Le cancer de la société française

Lors d’une interview durant laquelle il dénonçait les « dérives de l'assistanat », Laurent Wauquiez plaidait entre autres choses pour que le cumul des minima sociaux soit plafonné à 75% du Smic au motif que, selon lui, « un couple qui est au RSA, en cumulant les différents systèmes de minima sociaux, peut gagner plus qu'un couple dans lequel il y a une personne qui travaille au Smic ». Cette déclaration tonitruante a valu à monsieur Wauquiez une volée de bois vert d’autant plus cinglante qu’au-delà d’une remise en cause de nos précieux « acquis sociaux », ce ministre de la République a manifestement dit n’importe quoi.

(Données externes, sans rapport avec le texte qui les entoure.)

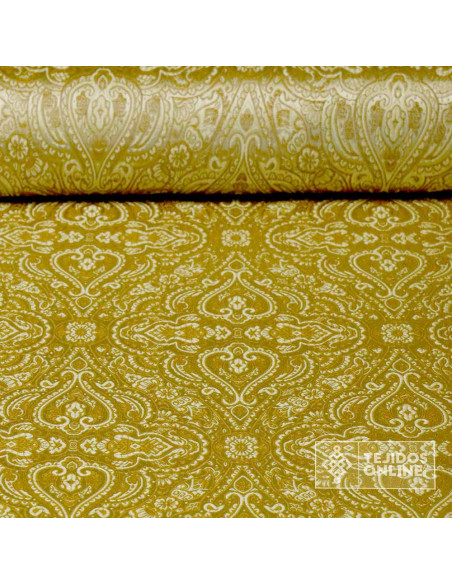 Tela Brocado Dorado Oro Jaquard - Telas para Cabalgatas - Imagen 1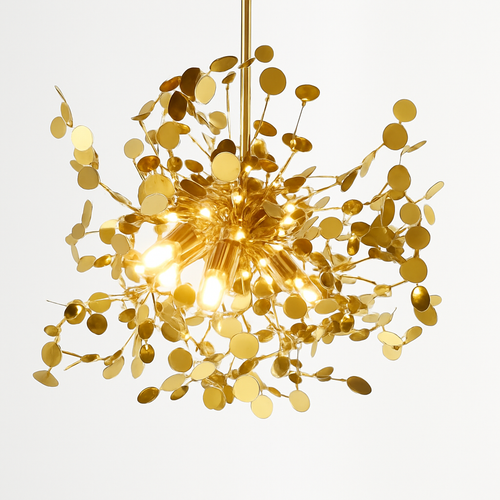 Lustre design chromé arbre à feuilles rondes - vue 9 sur 9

En effet, le mécanisme du RSA a été précisément conçu afin de tenir compte des autres aides perçues par les allocataires – ou du moins d’un certain nombre d’entre elles comme les allocations familiales ou l’aide personnalisée au logement (APL). Par exemple, si un couple de chômeurs avec trois enfants peuvent prétendre à 1 167,48 euros de RSA dit « socle » mais touche par ailleurs 286,78 euros d’allocations familiales et 420.93 euros d’APL, leur RSA effectif sera réduit de l’intégralité des allocations familiales et d’un montant forfaitaire de 138.70 euros au titre de l’APL – soit 742 euros qui amènent leurs revenus mensuels à 1 449,71 euros. Par ailleurs, si l’un des deux membres du couple trouve un travail payé au Smic, leur aide au logement baissera d’une centaine d’euros et leur RSA passera à 334.26 euros ce qui portera leurs revenus totaux à 2 005,65 euros ou 555.94 euros de la situation précédente. A moins donc que monsieur Wauquiez ne nous trouve un exemple concret qui illustre son propos, il semble bien qu’un ministre de la République se soit proposé de modifier un système auquel il ne comprend absolument rien.

L’ingérable maquis

Qu’un politicien cherche à s’attirer les faveurs de telle ou telle fraction du corps électoral en se proposant de légiférer sur un sujet qu’il ne maîtrise pas n’a rien de nouveau ; c’est même un lieu commun d’une banalité totale. Ce que cette petite mésaventure illustre parfaitement c’est que s’il y a, dans notre pays, des « dérives de l'assistanat », une des causes principales découle du fait que notre système d’aides sociales – comme notre fiscalité – est un inextricable maquis. Cette complexité pose au moins deux problèmes.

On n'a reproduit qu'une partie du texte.